Now we'll compute the eigenfunctions. We'll use the Interact package to interactively decide which eigenvalue to plot.

In [26]:
using Interact
x0 = linspace(-1,1,N+2) # includes boundary points, unlike x
Abox = Laplacian(x0, x0, (x,y) -> 1.0);
i = find(φ .> 0)
A = Abox[i,i]
u = zeros(N,N)
λ, X = eigs(A, nev=20, which=:SM);

f = figure()
@manipulate for which_eig in 1:20
    withfig(f) do
        u[i] = X[:,which_eig]
        umax = maxabs(u)
        imshow(u, extent=[-1,1,-1,1], vmin=-umax,vmax=+umax, cmap="RdBu")

Min-max Example 2: $-\nabla \cdot c \nabla$ for non-constant $c$

Now, let's do the box example, but with a non-constant $c$: let $c(x,y) = c_0$ for $x^2 + y^2 < 0.3^2$, and $= 1$ otherwise, and let's see what happens as we vary $c_0$.

In [13]:
using Interact
f = figure()
N = 100
x = linspace(0,1,N+2)
R = 0.3
@manipulate for log10_c0 in -2:0.1:2, which_eig in 1:6
    withfig(f) do
        c0 = 10.0^log10_c0
        A = Laplacian(x, x, (x,y) -> x^2+y^2 < R^2 ? c0 : 1.0);
        λ, X = eigs(A, nev=which_eig, which=:SM);
        u = reshape(X[:,which_eig], N, N)
        umax = maxabs(u)
        imshow(u, extent=[-x[2],x[end-1],x[2],x[end-1]], vmin=-umax,vmax=+umax, cmap="RdBu")

What we see is that the small-λ solutions "want" to be in the region of small $c$. So, if we make $c_0$ very small, the solution gets "pulled into" the corner of $c_0$. Conversely, if we make $c_0$ very large, then the solution is "pushed out of" the corner.
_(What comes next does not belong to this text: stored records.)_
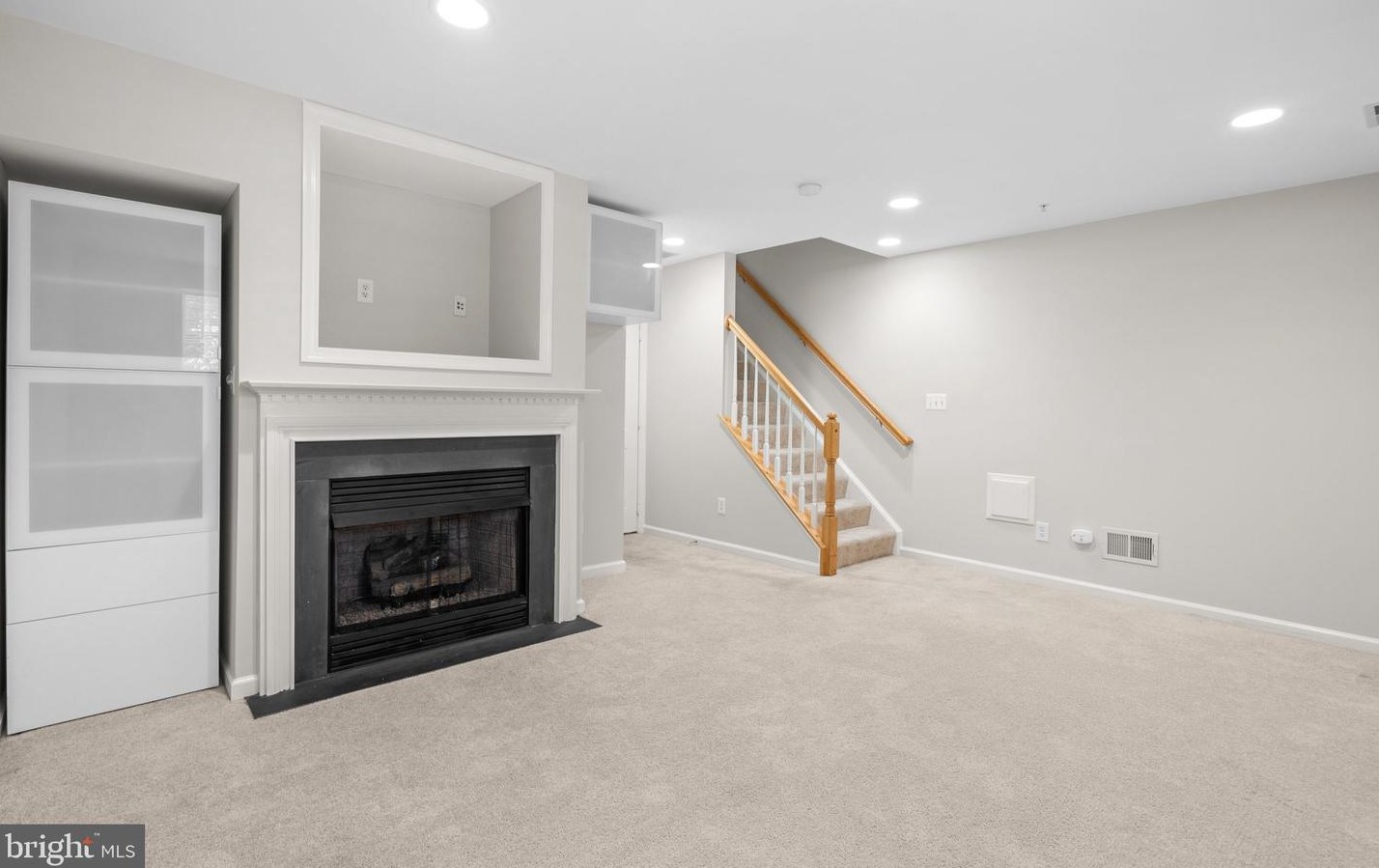 518 Fallsgrove Dr, Rockville MD 20850-7750 exterior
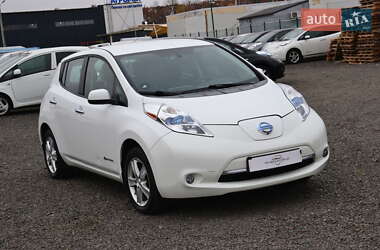 Хэтчбек Nissan Leaf 2015 в 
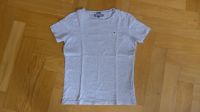 Basic T-Shirt von Tommy Hilfiger Gr.140 Leipzig - Altlindenau Vorschau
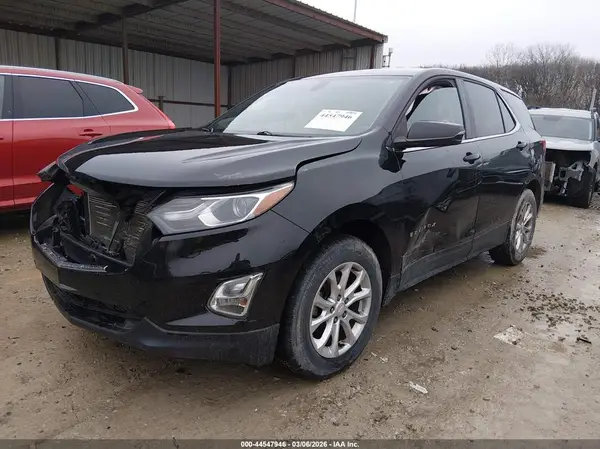 2GNAXJEV1J6348898 2018 CHEVROLET EQUINOX - Image 2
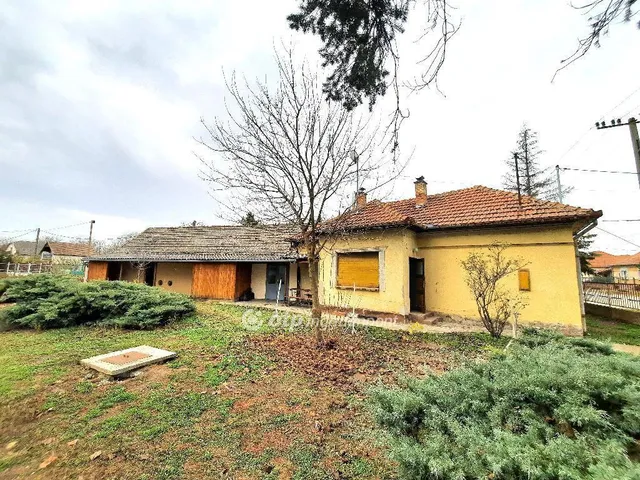Eladó ház Tiszakécske 90 nm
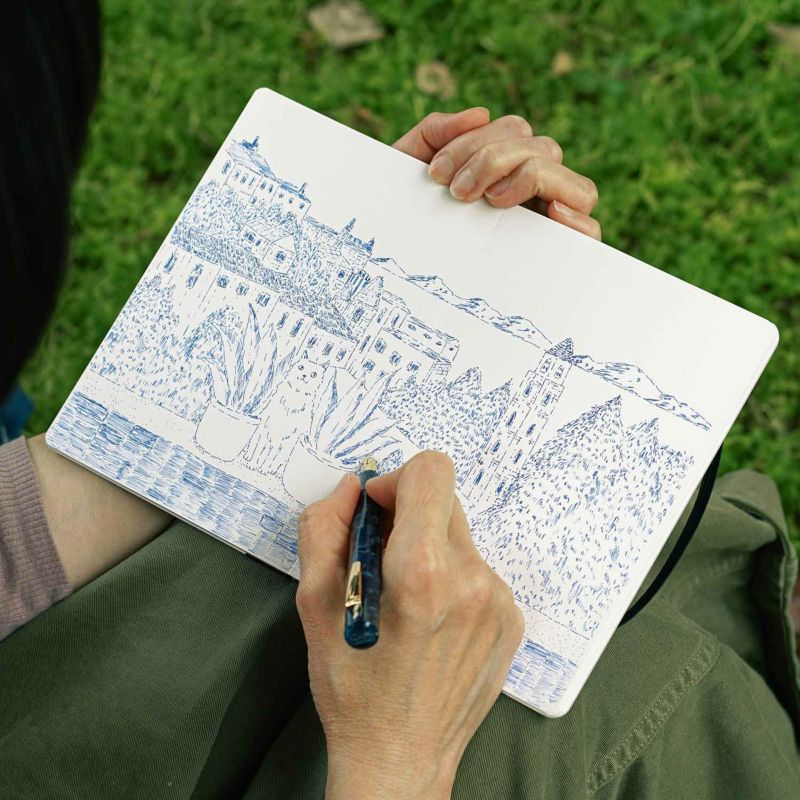 Sketch Book / attache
This is consistent with the min-max theorem, which says that the smallest eigenvalues of this operator minimize: $$ R\{u\} = \frac{\int_\Omega c\Vert\nabla u\Vert^2}{\int_\Omega \Vert u\Vert^2} $$ which clearly indicates that they want to (a) oscillate as little as possible while (b) concentrating in the regions where $c$ is smallest.